HBase is an open source, non-relational, distributed database modeled after Google’s BigTable and written in Java. It is developed as part of Apache Software Foundation’s Apache Hadoop project and runs on top of HDFS (Hadoop Distributed Filesystem), providing BigTable-like capabilities for Hadoop. That is, it provides a fault-tolerant way of storing large quantities of sparse data (small amounts of information caught within a large collection of empty or unimportant data, such as finding the 50 largest items in a group of 2 billion records, or finding the non-zero items representing less than 0.1% of a huge collection).

Hardware Configuration

All Machine are as below configuration. We have 4 Servers in the Cluster. 1 Master and 3 Slaves.

Server RAM 	: 16GB
Server CPU	: [Virtual] Single Core 64bit.

Services Running on each Server.

1. Master Node 	[`AHMD-HBASE-MASTER`][`16.114.26.95`]: `NameNode`, `HMaster`, `ResourceManager`.
2. Slave Node 	[`AHMD-HBASE-RS01`]	[`16.114.26.99`]: `NN`, `RegionServer`, `DN`, `ZK`,`SecNN`.
3. Slave Node 	[`AHMD-HBASE-RS02`]	[`16.114.26.94`]: `NN`, `RegionServer`, `DataNode`, `ZK`.
4. Slave Node 	[`AHMD-HBASE-RS03`]	[`16.114.22.192`]: `NN`, `RegionServer`, `DN`, `ZooKeeper`.

Prerequisites - Before we start

Update All servers with below /etc/hosts file.

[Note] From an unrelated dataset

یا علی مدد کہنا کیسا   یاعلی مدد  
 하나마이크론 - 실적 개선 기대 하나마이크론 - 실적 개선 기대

Copy the below content in /etc/hosts file. Make sure there are no Duplicate entries.

# HBASE Nodes
16.114.26.95    AHMD-HBASE-MASTER	#  HMaster, NNode, RManager.
16.114.26.99    AHMD-HBASE-RS01     #  NodeManager, RServer, DNode, ZKeeper, SNN.
16.114.26.94	AHMD-HBASE-RS02     #  NodeManager, RServer, DNode, ZKeeper.
16.114.22.192	AHMD-HBASE-RS03     #  NodeManager, RServer, DNode, ZKeeper.

Passwordless Entry from master to all slaves.

Simple 3 steps to make passwordless entry. on Ubuntu, should be similar on other linux variants.

ahmed@AHMD-HBASE-MASTER:~> ssh-keygen -t rsa

ahmed@AHMD-HBASE-MASTER:~> ssh ahmed@AHMD-HBASE-RS01 mkdir -p .ssh
ahmed@AHMD-HBASE-MASTER:~> cat ~/.ssh/id_rsa.pub | ssh ahmed@AHMD-HBASE-RS01 \
                                                            'cat >> .ssh/authorized_keys'

ahmed@AHMD-HBASE-MASTER:~> ssh ahmed@AHMD-HBASE-RS02 mkdir -p .ssh
ahmed@AHMD-HBASE-MASTER:~> cat ~/.ssh/id_rsa.pub | ssh ahmed@AHMD-HBASE-RS02 \
                                                            'cat >> .ssh/authorized_keys'

ahmed@AHMD-HBASE-MASTER:~> ssh ahmed@AHMD-HBASE-RS03 mkdir -p .ssh
ahmed@AHMD-HBASE-MASTER:~> cat ~/.ssh/id_rsa.pub | ssh ahmed@AHMD-HBASE-RS03 \
                                                            'cat >> .ssh/authorized_keys'

Testing…

ahmed@AHMD-HBASE-MASTER:~> ssh AHMD-HBASE-RS01
ahmed@AHMD-HBASE-RS01:~>

Setting Up Hadoop Cluster (YARN)

Extracting and creating required directories.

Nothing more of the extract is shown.